**** Dataset content ****

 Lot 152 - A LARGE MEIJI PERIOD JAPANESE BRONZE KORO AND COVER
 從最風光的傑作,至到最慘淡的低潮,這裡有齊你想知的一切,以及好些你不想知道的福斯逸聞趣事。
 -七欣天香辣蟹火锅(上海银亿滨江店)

****
**** Dataset content ****

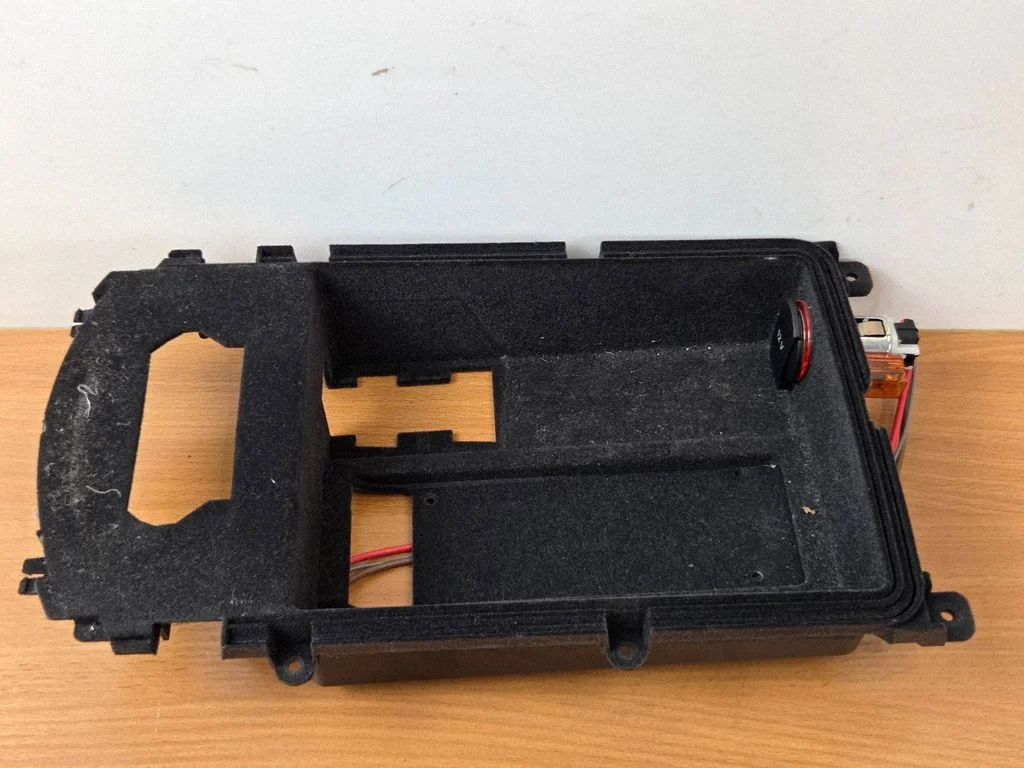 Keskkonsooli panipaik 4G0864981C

****

Your assignment: In the data above, start at the line that has "從最風光的傑作,至到最慘淡的", stop after the line that has "-七欣天香辣蟹火锅(上海银亿滨江店)", and print every line in between exactly as it stands.

Written reply:
 從最風光的傑作,至到最慘淡的低潮,這裡有齊你想知的一切,以及好些你不想知道的福斯逸聞趣事。
 -七欣天香辣蟹火锅(上海银亿滨江店)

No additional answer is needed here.